Sept. 6, 2023, 2022 (EIRNS)—“A Way Out for Argentina” (in Portugese) is the title Monitor Mercantil’s editor Marcos de Oliveira put on his Sept. 5 report on the Schiller Institute’s just-released emergency program for Argentina. The Schiller Institute, “a political and economic think tank based in Germany, founded by Helga Zepp-LaRouche, widow of U.S. economist Lyndon LaRouche,” has presented seven emergency proposals as a way for Argentina to overcome its serious crisis, he reported.

Rio de Janeiro-based Monitor Mercantil has been respected as an independent source of financial, economic and business news since its founding in 1912. Its editor featured the Schiller Institute’s message that the BRICS offer “a way out for Argentina resisted by the City and Wall Street,” and that what is at stake may be more than just Argentina’s future, but it “could also decide the fate of the BRICS” itself—a message of obvious importance to BRICS-member Brazil.

Among the quotes de Oliveira includes from the document, is its reference to the Wall Street and City of London financiers’ presidential candidate for Argentina, Javier Milei, as the “Zelenskyy of Argentina,” and he adds: “Among his crazy and other ultra-neoliberal proposals—which scare even Brazilian neoliberals—Milei has sworn that he will pull Argentina out of the BRICS, break ties with China, Russia and most neighboring countries and adopt the dollar.”

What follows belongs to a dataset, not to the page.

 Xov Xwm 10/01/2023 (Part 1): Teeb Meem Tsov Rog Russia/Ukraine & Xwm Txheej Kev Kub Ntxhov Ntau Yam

De Oliveira summarizes the seven emergency proposals (debt moratorium, capital and exchange controls, fixed exchange rates, emergency government funding for poor Argentines and businesses; nationalize the Central Bank and re-establish it as a bank that issues low-interest, productive credit in pesos; price controls; and expanding trade in national currencies with BRICS members and other friendly nations). In addition to these proposals, “the Schiller Institute also advocates major infrastructure projects as a way out for Argentina in the long term,” he concludes, without detailing the physical economic projects identified in the emergency program.